§ **WHAT IS NEEDED**
From the listing below, reproduce exactly the lines starting with the one with "Cartoon Seahorse 1000" and going on through the one with "3 Pieces Faith", both ends kept. No picture is copied.

§ **THE RECORDS**
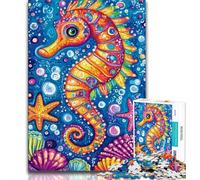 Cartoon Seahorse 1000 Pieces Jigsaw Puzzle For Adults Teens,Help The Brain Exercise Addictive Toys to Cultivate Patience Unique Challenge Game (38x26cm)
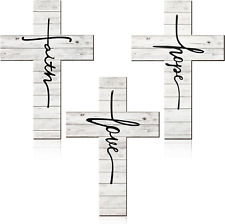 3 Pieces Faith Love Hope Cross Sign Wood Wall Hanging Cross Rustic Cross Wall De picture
---
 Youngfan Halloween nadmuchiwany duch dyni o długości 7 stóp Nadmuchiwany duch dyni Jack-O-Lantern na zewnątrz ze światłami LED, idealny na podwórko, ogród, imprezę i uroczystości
* * *
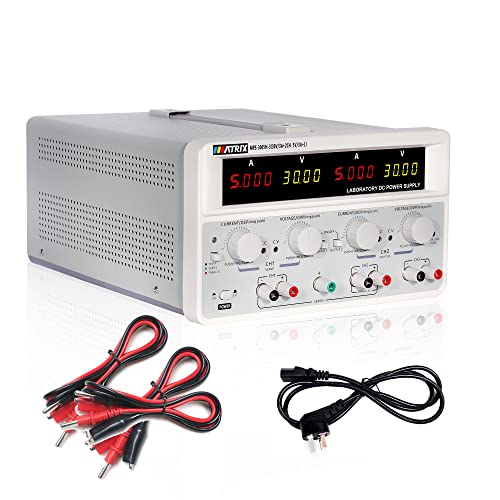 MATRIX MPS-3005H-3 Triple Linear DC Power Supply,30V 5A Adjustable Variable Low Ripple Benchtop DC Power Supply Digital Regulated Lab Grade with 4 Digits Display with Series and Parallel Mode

§ **REPLY**
 Cartoon Seahorse 1000 Pieces Jigsaw Puzzle For Adults Teens,Help The Brain Exercise Addictive Toys to Cultivate Patience Unique Challenge Game (38x26cm)
 3 Pieces Faith Love Hope Cross Sign Wood Wall Hanging Cross Rustic Cross Wall De picture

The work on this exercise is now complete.